0

I have a mongo db like this:

db.templates.insertMany( [
   { _id: 1, uuid: "1", name: "t1", related_templates: [ "2", "2" ] },
   { _id: 2, uuid: "2", name: "t2", related_templates: [ "3", "3" ] },
   { _id: 3, uuid: "3", name: "t3", related_templates: [ "4", "4" ] },
   { _id: 4, uuid: "4", name: "t4"},
] )

As you can see, the data represents a tree structure, but supports duplicate references to the same child node. I'm trying to recursively fetch the whole tree starting from t1, including duplicate references.

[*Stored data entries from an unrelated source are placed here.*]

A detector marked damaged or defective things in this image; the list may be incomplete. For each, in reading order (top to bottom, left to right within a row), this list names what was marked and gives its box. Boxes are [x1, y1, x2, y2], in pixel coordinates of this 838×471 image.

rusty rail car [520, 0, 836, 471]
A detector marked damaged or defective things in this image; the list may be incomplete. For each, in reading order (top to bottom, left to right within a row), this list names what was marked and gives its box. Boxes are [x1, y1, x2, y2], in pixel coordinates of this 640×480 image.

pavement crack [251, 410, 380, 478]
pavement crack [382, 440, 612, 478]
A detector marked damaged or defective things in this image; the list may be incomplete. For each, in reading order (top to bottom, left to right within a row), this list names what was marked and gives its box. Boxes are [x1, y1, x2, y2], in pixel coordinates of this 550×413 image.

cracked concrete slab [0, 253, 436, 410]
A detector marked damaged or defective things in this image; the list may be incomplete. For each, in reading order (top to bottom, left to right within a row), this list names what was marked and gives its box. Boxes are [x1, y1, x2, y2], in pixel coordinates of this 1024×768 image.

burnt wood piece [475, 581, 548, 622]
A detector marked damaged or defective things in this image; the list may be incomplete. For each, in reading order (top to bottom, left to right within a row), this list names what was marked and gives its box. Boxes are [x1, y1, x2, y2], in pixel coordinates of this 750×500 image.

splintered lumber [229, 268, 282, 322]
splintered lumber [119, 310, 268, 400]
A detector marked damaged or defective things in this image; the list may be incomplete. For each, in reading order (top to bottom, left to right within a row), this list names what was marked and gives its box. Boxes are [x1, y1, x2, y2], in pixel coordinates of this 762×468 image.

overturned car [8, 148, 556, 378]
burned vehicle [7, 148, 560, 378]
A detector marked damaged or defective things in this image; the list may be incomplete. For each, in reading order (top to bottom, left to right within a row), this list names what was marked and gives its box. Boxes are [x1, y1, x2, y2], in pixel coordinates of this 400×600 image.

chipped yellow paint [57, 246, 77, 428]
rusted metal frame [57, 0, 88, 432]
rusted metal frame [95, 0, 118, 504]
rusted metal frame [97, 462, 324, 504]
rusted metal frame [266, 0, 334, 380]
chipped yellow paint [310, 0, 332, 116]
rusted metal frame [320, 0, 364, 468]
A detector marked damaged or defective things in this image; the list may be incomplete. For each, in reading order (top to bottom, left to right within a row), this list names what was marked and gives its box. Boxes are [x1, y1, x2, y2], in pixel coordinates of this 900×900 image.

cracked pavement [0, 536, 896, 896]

The result would look like this:

{
    "_id" : 1,
    "uuid" : "1",
    "name": "t1",
    "related_templates" : [
        {
            "_id" : 2,
            "uuid" : "2",
            "name" : "t2",
            "related_templates" : [
                {
                    "_id" : 3,
                    "uuid" : "3",
                    "name" : "t3",
                    "related_templates" : [
                        {
                            "_id" : 4,
                            "uuid" : "4",
                            "name" : "t4"
                        },
                        {
                            "_id" : 4,
                            "uuid" : "4",
                            "name" : "t4"
                        }
                    ]
                },
                {
                    "_id" : 3,
                    "uuid" : "3",
                    "name" : "t3",
                    "related_templates" : [
                        {
                            "_id" : 4,
                            "uuid" : "4",
                            "name" : "t4"
                        },
                        {
                            "_id" : 4,
                            "uuid" : "4",
                            "name" : "t4"
                        }
                    ]
                }
            ]
        },
        ...(t2 repeats here)
    ]
}

The solution suggested on the Mongo website is here: https://docs.mongodb.com/manual/reference/operator/aggregation/lookup/#std-label-unwind-example. If there are no duplicate references, this solution works great, with a bit of modification even allowing for recursive lookups as well. However, in my situation I need to preserve duplicate lookups

I've also considered the legacy solution of using unwind + group. That solution does preserve duplicates, but I haven't figured out how to use it recursively.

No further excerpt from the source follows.